No ano novo, a coisa era diferente, matavam um cabrito e havia novamente festa rija, desta vez os reveillons (festas dançantes) eram o culminante deste período tão eufórico em que se esperava o ano novo em festa mais animada, em que se farrava, até ao raiar do dia, acabando muitos vezes na praia da ilha, numa agradável banhoca nas quentes e saborosas águas oceânicas, e até se adormecia na areia muitas vezes, claro, isto era com os mais jovens. Também se faziam farras em casas particulares.
Depois vinha o dia de reis em que não se cantavam as janeiras como se fazia em terras metropolitanas mas,  por tradição africana, desfilavam grupos, pelas ruas da cidade, cantando, em cortejos tipo carnavalesco, parando às portas das casas e pedindo oferendas que prontamente se satisfaziam . O cunho emprestado a estas janeiras era jenuinamente africano, mas percebia-se que a influência europeia ali tinha também algum enraizamento. A cultura etnográfica africana é riquissima em rituais ancestrais.

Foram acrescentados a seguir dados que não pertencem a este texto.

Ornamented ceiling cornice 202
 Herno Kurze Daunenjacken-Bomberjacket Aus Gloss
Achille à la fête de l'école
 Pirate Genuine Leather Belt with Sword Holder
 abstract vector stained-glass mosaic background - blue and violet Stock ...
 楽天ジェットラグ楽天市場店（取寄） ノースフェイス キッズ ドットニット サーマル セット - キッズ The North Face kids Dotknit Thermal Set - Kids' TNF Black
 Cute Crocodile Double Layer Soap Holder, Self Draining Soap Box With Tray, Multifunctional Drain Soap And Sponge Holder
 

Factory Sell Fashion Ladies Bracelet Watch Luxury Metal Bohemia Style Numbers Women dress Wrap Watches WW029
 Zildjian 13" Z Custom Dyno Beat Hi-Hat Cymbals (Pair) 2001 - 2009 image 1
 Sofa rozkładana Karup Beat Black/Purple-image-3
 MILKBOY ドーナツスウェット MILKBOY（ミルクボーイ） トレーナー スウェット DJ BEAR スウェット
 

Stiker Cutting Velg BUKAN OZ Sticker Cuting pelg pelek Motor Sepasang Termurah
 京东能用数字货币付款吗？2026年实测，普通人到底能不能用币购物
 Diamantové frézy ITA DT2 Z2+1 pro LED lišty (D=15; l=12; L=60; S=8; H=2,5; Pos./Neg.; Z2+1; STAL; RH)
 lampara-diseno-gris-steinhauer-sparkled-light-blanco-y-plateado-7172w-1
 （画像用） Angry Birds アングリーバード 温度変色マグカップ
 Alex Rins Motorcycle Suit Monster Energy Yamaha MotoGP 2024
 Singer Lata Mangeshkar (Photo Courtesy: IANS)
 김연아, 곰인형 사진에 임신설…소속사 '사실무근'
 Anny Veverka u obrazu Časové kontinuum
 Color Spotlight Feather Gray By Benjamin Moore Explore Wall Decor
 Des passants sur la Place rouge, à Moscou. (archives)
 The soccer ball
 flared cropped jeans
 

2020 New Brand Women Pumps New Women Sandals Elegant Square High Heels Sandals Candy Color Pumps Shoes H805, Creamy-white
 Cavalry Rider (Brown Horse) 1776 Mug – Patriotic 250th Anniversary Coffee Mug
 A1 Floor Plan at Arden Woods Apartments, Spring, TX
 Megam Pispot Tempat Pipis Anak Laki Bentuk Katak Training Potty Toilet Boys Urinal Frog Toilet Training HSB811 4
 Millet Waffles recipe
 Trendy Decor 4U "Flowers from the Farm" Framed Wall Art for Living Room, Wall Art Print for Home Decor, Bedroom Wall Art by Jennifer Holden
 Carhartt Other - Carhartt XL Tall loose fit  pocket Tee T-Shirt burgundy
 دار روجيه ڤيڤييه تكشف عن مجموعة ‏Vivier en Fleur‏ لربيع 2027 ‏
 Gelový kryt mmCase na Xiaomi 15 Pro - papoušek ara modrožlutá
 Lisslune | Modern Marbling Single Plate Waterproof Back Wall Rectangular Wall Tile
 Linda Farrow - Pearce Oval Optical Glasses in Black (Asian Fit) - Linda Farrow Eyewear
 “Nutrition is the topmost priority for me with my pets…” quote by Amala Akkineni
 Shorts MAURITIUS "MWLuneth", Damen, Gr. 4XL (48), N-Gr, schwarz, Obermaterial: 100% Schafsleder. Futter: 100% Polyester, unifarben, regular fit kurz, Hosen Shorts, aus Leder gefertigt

E a festa, enfim terminava ao fim de duas semanas de euforia. 
Não me refiro aqui à festa nas roças,  que eram passadas num ambiente idêntico, apenas mais animado com batuques, festas jenuinamente gentilicas, os trabalhadores tinham os seus hábitos que eram respeitados, mas a confraternização fazia-se igualmente num espirito de comunidade entre patrões e empregados todos sentados à mesma mesa . A diferença não era assim muito forte, apenas havia menos barulho de cidade. 
O silêncio das noites quentes estreladas tornavam-nas mais afectuosas mais intimas, e o som  dos batuques em que se misturavam os variadissimos instrumentos musicais quer gentilicos quer originários da europa com o ribombar dos tambores e canticos ouviam-se pela noite adentro. Acredito de alguma nostalgia sentida, saudades familiares ou outros sentimentos que nessa noite fragilizasse mais os corações.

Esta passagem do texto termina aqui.